• SOURCE INFORMATION:
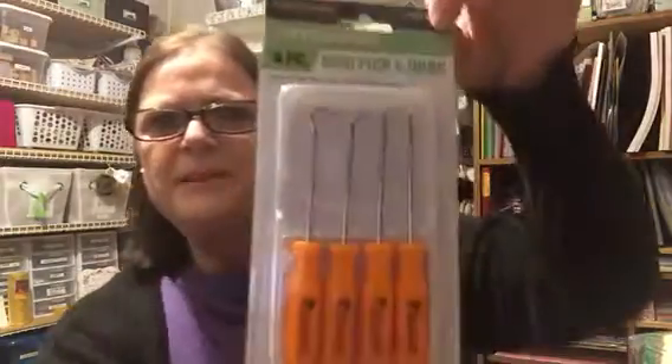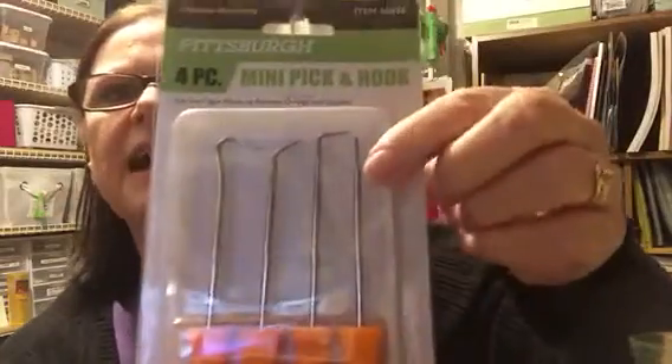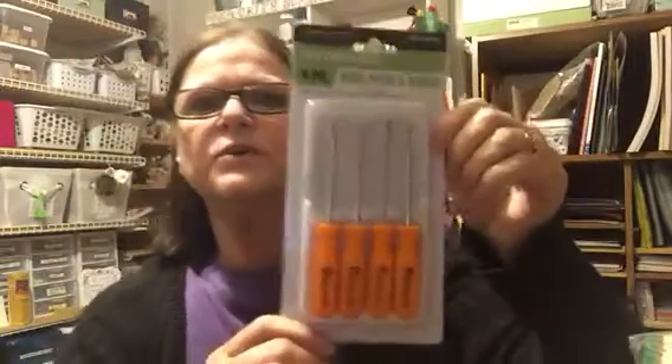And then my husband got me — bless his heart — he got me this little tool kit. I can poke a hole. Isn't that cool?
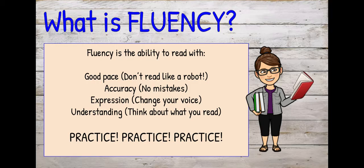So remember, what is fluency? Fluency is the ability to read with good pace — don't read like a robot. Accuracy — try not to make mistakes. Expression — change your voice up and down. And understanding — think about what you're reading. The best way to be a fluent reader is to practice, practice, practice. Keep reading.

---

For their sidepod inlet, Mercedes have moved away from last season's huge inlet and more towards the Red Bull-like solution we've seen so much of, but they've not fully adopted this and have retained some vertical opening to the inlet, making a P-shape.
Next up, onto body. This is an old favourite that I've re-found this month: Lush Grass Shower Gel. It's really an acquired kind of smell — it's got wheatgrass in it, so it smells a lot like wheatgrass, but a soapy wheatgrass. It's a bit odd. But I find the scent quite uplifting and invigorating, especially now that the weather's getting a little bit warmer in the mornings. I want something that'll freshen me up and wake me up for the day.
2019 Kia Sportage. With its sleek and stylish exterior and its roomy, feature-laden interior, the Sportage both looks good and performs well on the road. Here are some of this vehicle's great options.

• YOUR GOAL:
Above is a listing; print exactly its lines from the one with "Next up, onto" through the one with "2019 Kia Sportage.", and no other lines.

• ANSWER SECTION:
Next up, onto body. This is an old favourite that I've re-found this month: Lush Grass Shower Gel. It's really an acquired kind of smell — it's got wheatgrass in it, so it smells a lot like wheatgrass, but a soapy wheatgrass. It's a bit odd. But I find the scent quite uplifting and invigorating, especially now that the weather's getting a little bit warmer in the mornings. I want something that'll freshen me up and wake me up for the day.
2019 Kia Sportage. With its sleek and stylish exterior and its roomy, feature-laden interior, the Sportage both looks good and performs well on the road. Here are some of this vehicle's great options.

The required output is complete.